SAN LUIS OBISPO, Calif. (CN) - Privilege does not protect the blog CalCoastNews from claims that it defamed a waste-management executive, an appeals court ruled.

Charles Tenborg, CEO and president of Eco Solutions in Arroyo Grande, filed his 2013 lawsuit in San Luis Obispo Superior Court against CalCoastNews and reporters Karen Velie and Daniel Blackburn.

The 2012 article at issue reported that Tenborg's company illegally transported hazardous waste while he managed a waste-disposal site for San Luis Obispo County's Integrated Waste Management Authority.

Citing a staff investigation, the article suggested that Tenborg had encouraged public agencies to ignore state law and that he had been fired from a previous job with the county.

Titled "Hazardous Waste Chief Skirts Law," Tenborg said that the article intentionally included false information that could damage his reputation.

"I could not sit idly by and watch my hard-earned reputation be destroyed by these falsehoods," Tenborg said in a statement issued when the suit was filed.

He noted that he filed suit after CalCoastNews refused his demands for a retraction.

While the defendants tried to quash suit with a motion under California's anti-SLAPP law, short for Strategic Lawsuit Against Public Partipation, the trial court found that the privilege of fair and true reports of a public proceeding does not protect the article.

In that ruling, San Luis Obispo Superior Court Judge Martin Tangeman said Tenborg had provided sufficient evidence to establish that false statements were made and that "a few of the statements are clearly defamatory."

The state's second appellate district affirmed Wednesday in an unpublished opinion.

Tenborg "has shown a probability of prevailing on his libel claim," Justice Steven Perren wrote for a three-person panel.

CalCoastNews failed to sway the court that Tenborg did not establish that the "gist" and "sting" of each of the statements was false.

Though CalCoastNews provided a declaration from a former Eco Solutions employee who claimed to have witnessed Tenborg illegally dispose hazardous waste, Perren said that source lacked credibility.

The individual in question had been fired and was denied a license to transport hazardous waste because of an incident in which authorities thought he was transporting a pipe bomb, according to the ruling.

CalCoastNews likewise cannot connect its reporting to a 2010 public meeting of the San Luis Obispo Stormwater Management Team, the court found.

Compounding the fact that the statements made at that meeting are disputed, Perren noted that the article does not actually suggest that any of the information in the story came from a public hearing.

"To the contrary, the article suggests in its opening paragraph that it is the product of 'a CalCoastNews investigation,'" the 12-page decision states.

Perren added that "a reader of the article would have no understanding that the article was a report on what took place at the meeting."

Tenborg is likely to show that statements about him illegally transporting waste and encouraging public agencies to ignore state law would injure him professionally as an environmental contractor, the court found.

Kevin Clune, an attorney for Tenborg with the San Francisco firm Kerr and Wagstaffe, applauded the decision.

"From a practical perspective, the fact that he has overcome this really substantial obstacle in a defamation suit is a telling sign that he'll be successful at trial," Clune told New Times.

Velie meanwhile told New Times that CalCoastNews will present more evidence to support their defense in court.

"We are very confident that the outcome of the trial will be very favorable to CalCoastNews," she said.

A month before Tenborg filed his suit, CalCoastNews was involved in another defamation lawsuit.
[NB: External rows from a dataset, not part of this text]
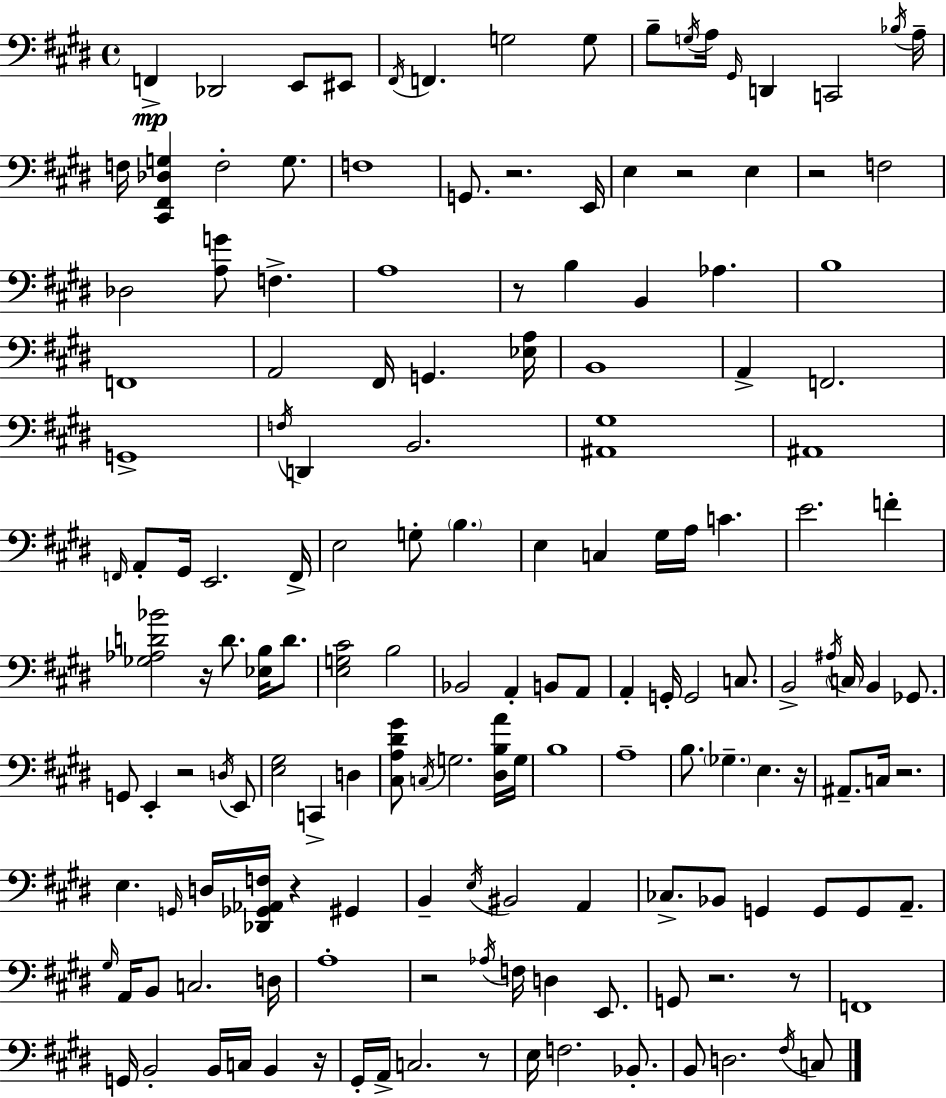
X:1
T:Untitled
M:4/4
L:1/4
K:E
F,, _D,,2 E,,/2 ^E,,/2 ^F,,/4 F,, G,2 G,/2 B,/2 G,/4 A,/4 ^G,,/4 D,, C,,2 _B,/4 A,/4 F,/4 [^C,,^F,,_D,G,] F,2 G,/2 F,4 G,,/2 z2 E,,/4 E, z2 E, z2 F,2 _D,2 [A,G]/2 F, A,4 z/2 B, B,, _A, B,4 F,,4 A,,2 ^F,,/4 G,, [_E,A,]/4 B,,4 A,, F,,2 G,,4 F,/4 D,, B,,2 [^A,,^G,]4 ^A,,4 F,,/4 A,,/2 ^G,,/4 E,,2 F,,/4 E,2 G,/2 B, E, C, ^G,/4 A,/4 C E2 F [_G,_A,D_B]2 z/4 D/2 [_E,B,]/4 D/2 [E,G,^C]2 B,2 _B,,2 A,, B,,/2 A,,/2 A,, G,,/4 G,,2 C,/2 B,,2 ^A,/4 C,/4 B,, _G,,/2 G,,/2 E,, z2 D,/4 E,,/2 [E,^G,]2 C,, D, [^C,A,^D^G]/2 C,/4 G,2 [^D,B,A]/4 G,/4 B,4 A,4 B,/2 _G, E, z/4 ^A,,/2 C,/4 z2 E, G,,/4 D,/4 [_D,,_G,,_A,,F,]/4 z ^G,, B,, E,/4 ^B,,2 A,, _C,/2 _B,,/2 G,, G,,/2 G,,/2 A,,/2 ^G,/4 A,,/4 B,,/2 C,2 D,/4 A,4 z2 _A,/4 F,/4 D, E,,/2 G,,/2 z2 z/2 F,,4 G,,/4 B,,2 B,,/4 C,/4 B,, z/4 ^G,,/4 A,,/4 C,2 z/2 E,/4 F,2 _B,,/2 B,,/2 D,2 ^F,/4 C,/2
In that case, Dee Torres, a homeless-services coordinator for Community Action Partnership of San Luis Obispo County, sued a private investigator who assisted CalCoastNews, saying the investigator had accused her of stealing from the homeless. In that lawsuit, which made clear that CalCoast News might be named as a defendant later, a judge granted the defendant's anti-SLAPP motion, saying Torres was a public figure and that the investigator did not act with actual malice.